-- PROVIDED DATA --
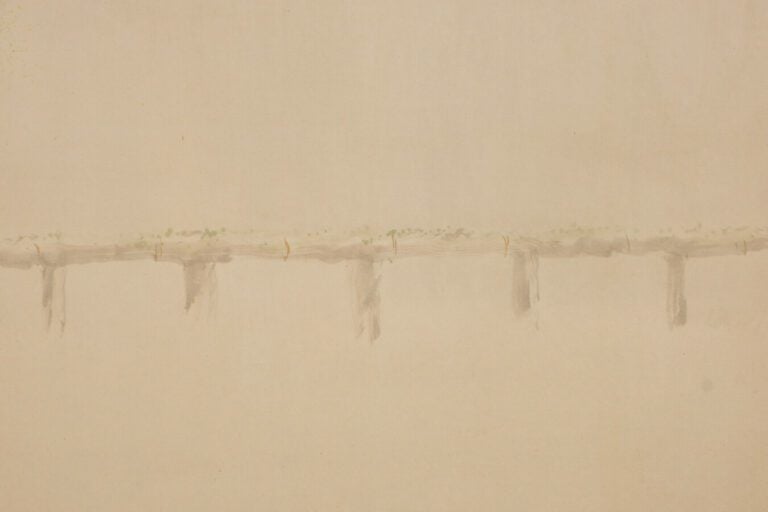Séparateur de pièce byobu à six panneaux avec une peinture continue d'un guerri…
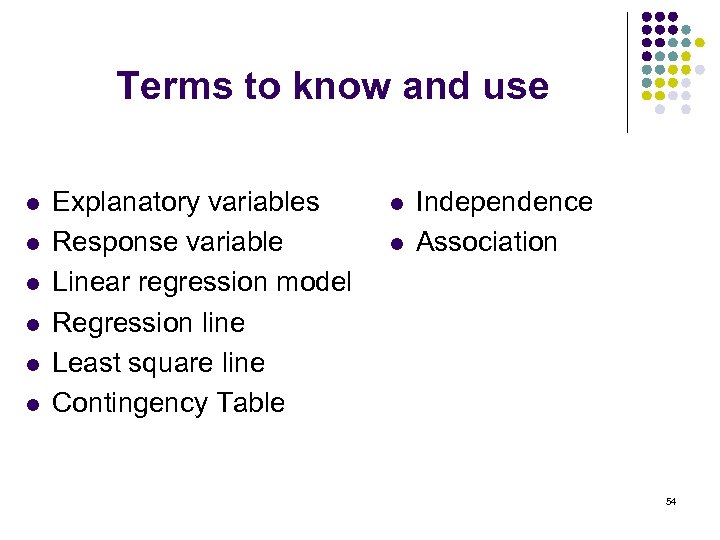 Terms to know and use l l l Explanatory variables Response variable Linear regression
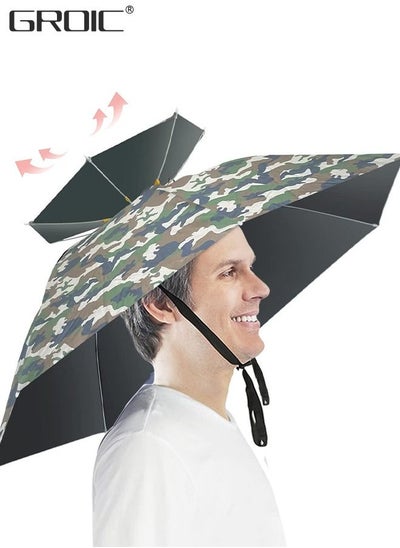 اشتري Fishing Umbrella Hat Folding Adjustable Sun Rain Cap, Diameter Large Umbrella Hat for Adults Hands Free UV Protection Head Umbrella Double Layer for Fishing, Gardening, Beach and Golf في الامارات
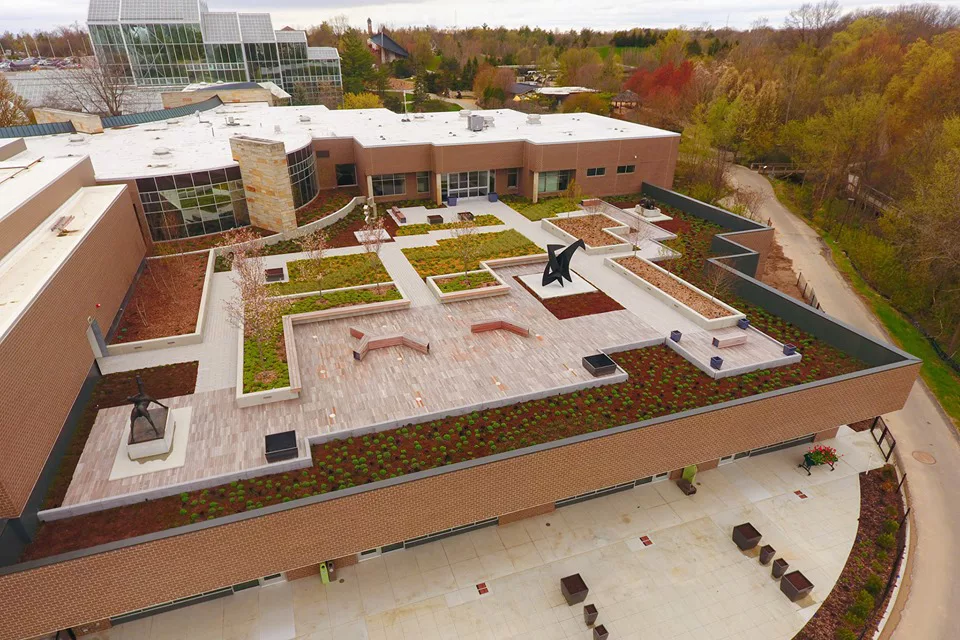 Green roof application accompanies a roof-top sculpture garden.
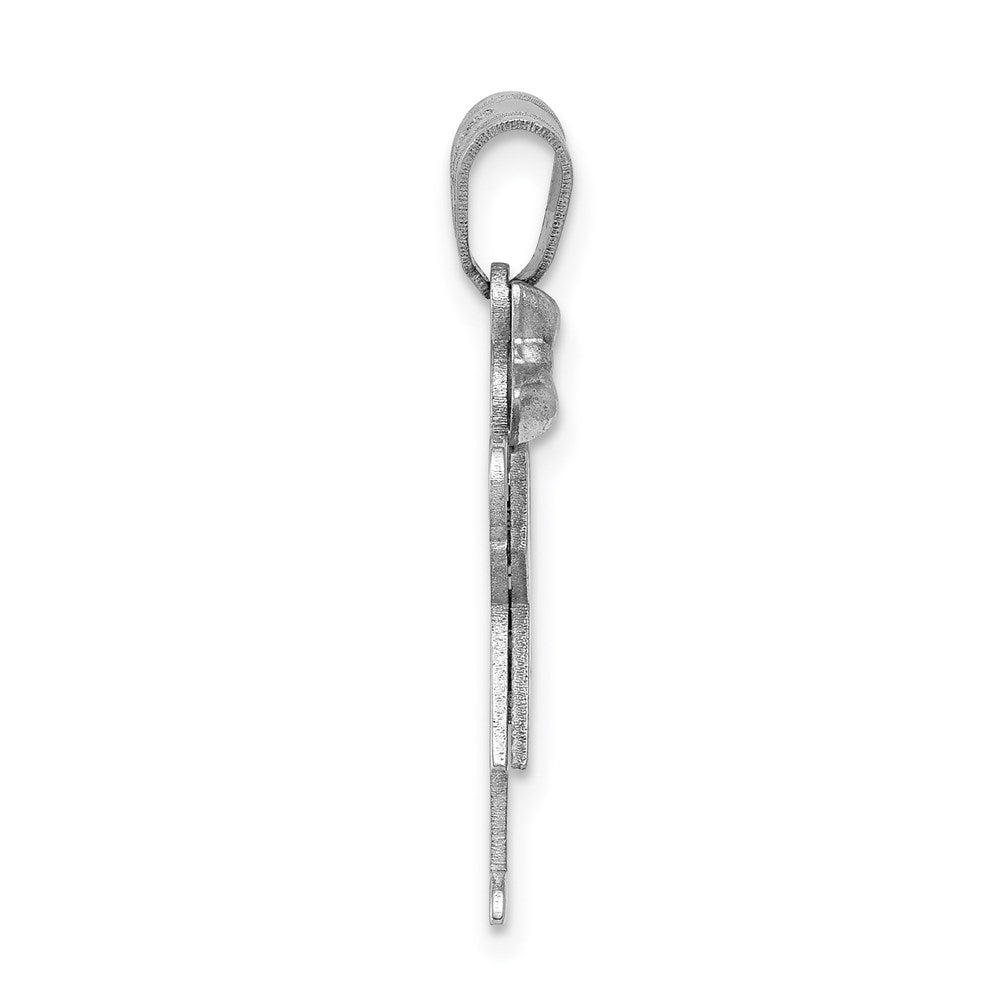 14k White Gold A Diamond Pendant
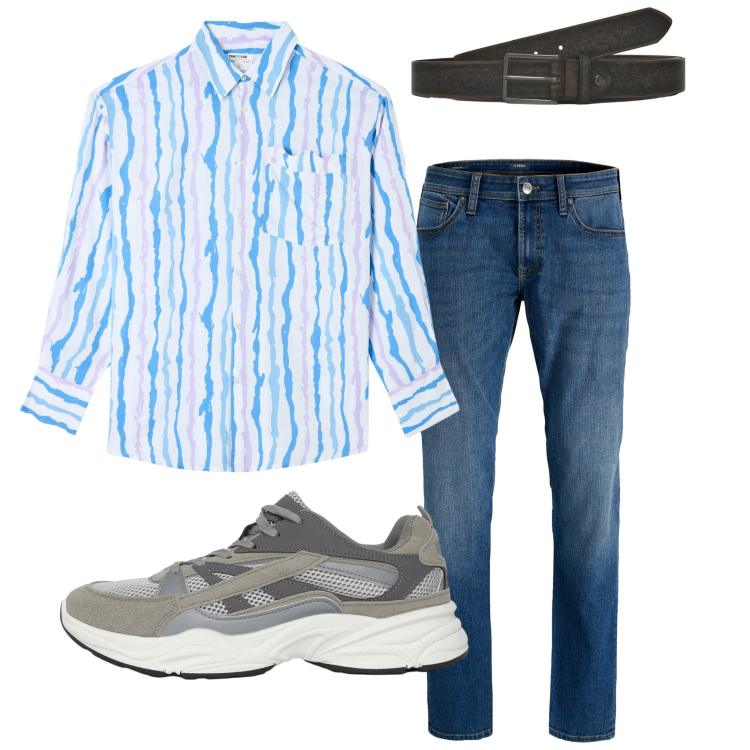 Outfit uomo - La camicia particolare. Stile Trendy per Tutti i giorni. Abbinamento con jeans, sneakers, cinture, camicie.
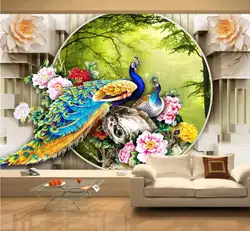 Beibehang пользовательские обои Главная Декоративные росписи 3D Павлин сад 3D ТВ фоне стены Гостиная Спальня росписи 3d обои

-- TASK DIRECTIONS --
Copy exactly the lines from the line that holds "Outfit uomo - La" to the end of the listing, both included. Leave the pictures out.

-- EXERCISE ANSWER --
 Outfit uomo - La camicia particolare. Stile Trendy per Tutti i giorni. Abbinamento con jeans, sneakers, cinture, camicie.
 Beibehang пользовательские обои Главная Декоративные росписи 3D Павлин сад 3D ТВ фоне стены Гостиная Спальня росписи 3d обои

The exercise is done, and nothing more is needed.